The 'V' bombers were air started and all 4 donks could be started at once. You also have the Avpin starter too. That uses a mono-fuel, Iso propyl nitrate, It makes it's own oxygen. This is quite an amusing story about it http://rhodesianforces.org/No1sqnavpin.html

Also used on Lightenings and some marks of Canberras :shock: :shock:

Edit : - Avpin was also used on the later marks of the 'Grovellin', or Javilin as it was offically called. Here is an excerpt from a Javilin web site about both the cartridge start and the Avpin jobs. As a matter of interest, the Jav driver and nav didn't strap themselves in untill both engines were started and as there were a Javilin squadron just uo the flight line from 81 Sqdn PR7 Canberrers at Tengah, Singapore when I was on 81, the next time I see a nav legging it down the wing and off the tip when one caught fire will not be the first time :shock: He ran down the wing because if he climbed down the steps he was directly in frond of the eng intake and had to run across the front of the missiles as well !!!

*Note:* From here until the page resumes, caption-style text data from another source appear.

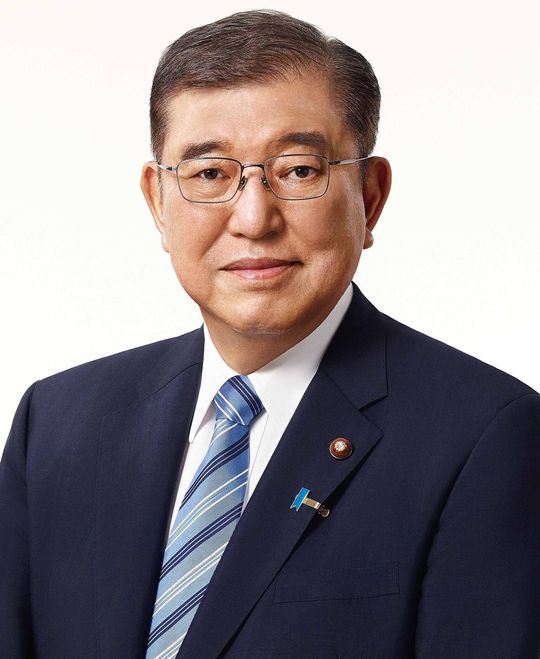 石破茂首相の公式肖像画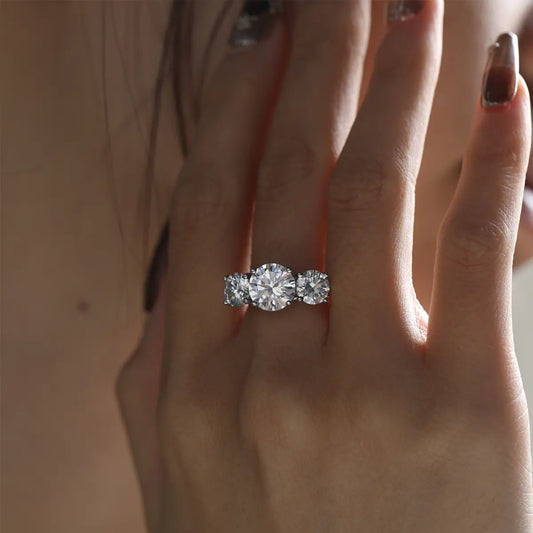 3ct Round Cut Moissanite Solitaire Engagement Ring with Side Stones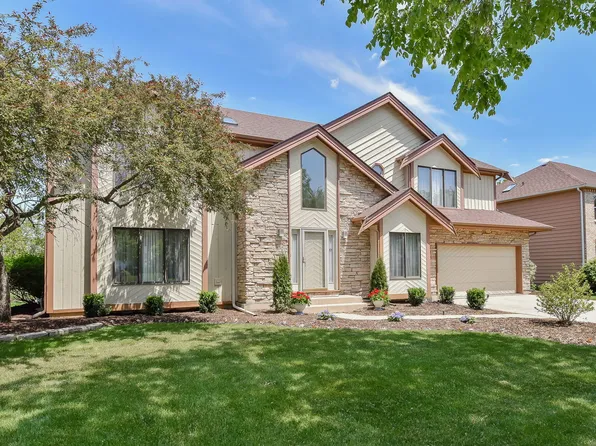 2664 Haddassah Dr, Naperville, IL 60565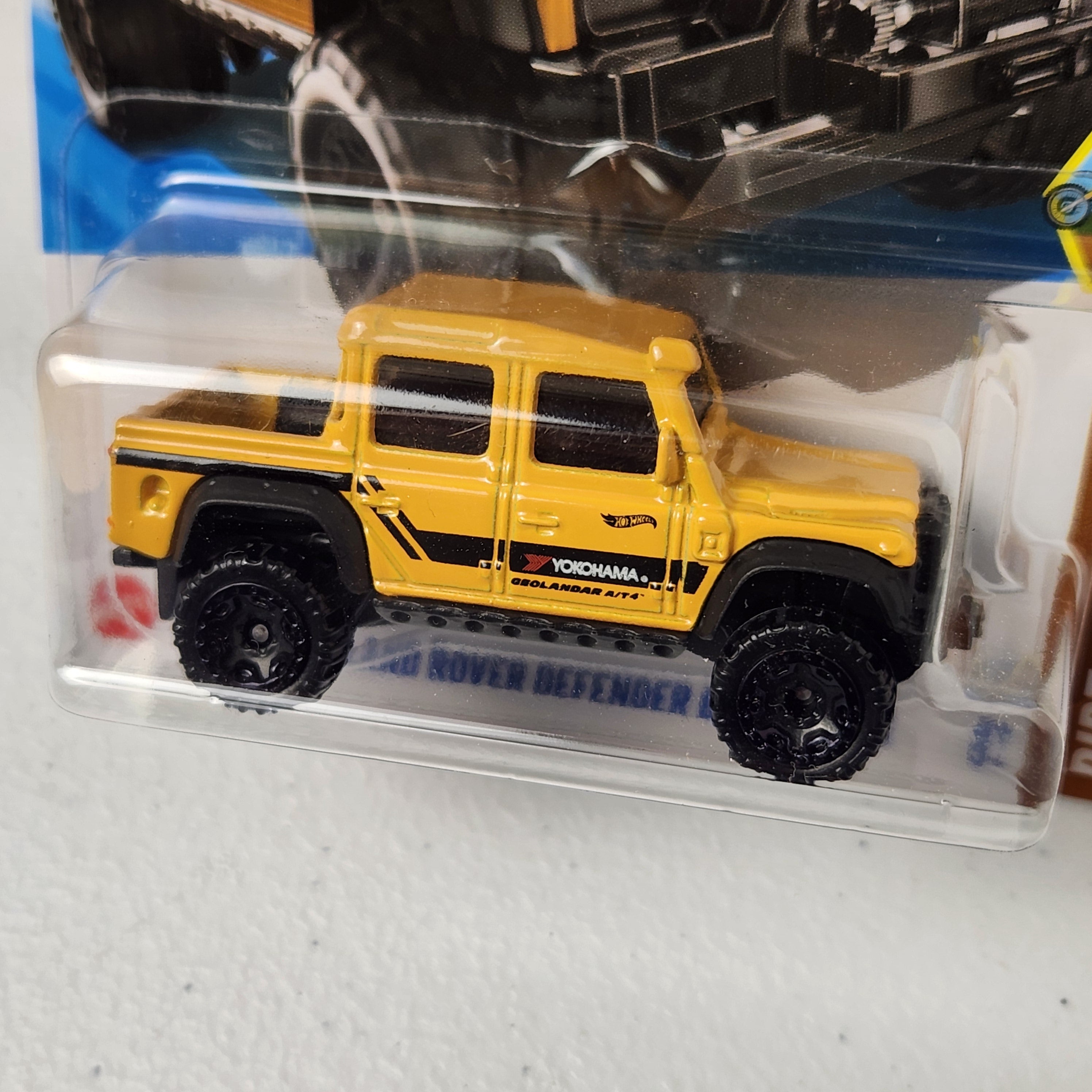 15 Land Rover Defender Double Cab European Mainline Hot Wheels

SAC Terry Jones has kindly sent me this description from when he worked as a member of a Javelin ground crew:

"I served with No 1 GWTS at RAF Valley in 59-61. We had six Javelins with Firestreaks doing the missile trials. The cartridges they used were about 1.5" dia 6-7" long. Black Plastic bodies and the breech took three. 'WET' starts, when the thing did not fire up on the first or second shot, were always an exhilarating sight, with many yards of flame from the tail pipe. Incidentally, I have had many a meat pie from the NAAFI wagon re-heated in the tail pipe after a sortie!"

Allen Mawby remembers the AVPIN starter:

"[...] the Mk 7 and 9 used AVPIN start. A small cartridge similar in size to a 12 bore pressurised and ignited the highly volatile Avpin which powered a small turbine which in turn started the engine.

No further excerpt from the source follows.